The report offers a host of reasons behind and insights into the world's newest gold rush, which saw investors pour $71 billion into companies and new sector opportunities in 2006, a 43% jump from 2005 (and up 158% over the last two years. The trend continues in 2007 with experts predicting investments of $85 billion this year).
And from the report itself:
As of March 2007, the money mobilised in the carbon fund sector totalled $11.8 billion (Figure 39), an increase of $4.7 billion (approx 50%) since September 2006. The addition of 12 new funds brings the total number of carbon funds to 58. The private sector has provided most of this capital, accounting for nearly 90% of the increase.
Carbon funds cover the full carbon value chain from compliance purchasing (government-backed funds buying carbon credits in order to meet compliance obligations under the Kyoto Protocol) through to intermediary trading (aggregating, brokering and managing risk between buyers and sellers) and project development.
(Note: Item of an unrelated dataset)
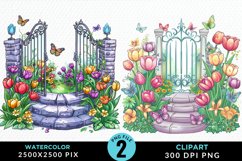 Watercolor Spring Garden Design Clipart Product Image 1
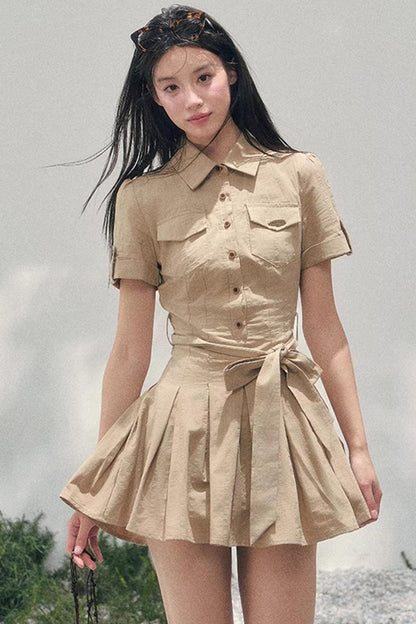 Whispers of Banana Leaves Dress Set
The growth of investment in the sellside of the market highlights an important trend: more money is now flowing into the essential process of developing and commercialising Clean Development Mechanism (CDM) and Joint Implementation (JI) projects (85% of the new money raised), rather than simply being set aside for the purchase of credits as and when they are produced.
That means that less than half (42%) of the total money committed to the carbon markets is now for direct compliance purchasing,with the remaining amount (58%) being invested in developing the projects required to generate carbon credits. Although most of the money has recently flowed into the sell-side of the market, compliance buyers still dominate in terms of the numbers of funds.
Of the 58 funds currently in existence, 37 are compliance funds (up from 33 six months ago) with 21 involved in project development and intermediary trading (up from 18 six months ago).
It is estimated that a total of around $25 billion of carbon credits (at current prices) will be needed to meet compliance targets under the Kyoto Protocol and the EU Emissions Trading Scheme (EU ETS) by 2012. Of this, around $8 billion will be met through existing forward purchase contracts, leaving a further requirement of around $17 billion to meet targets to 2012.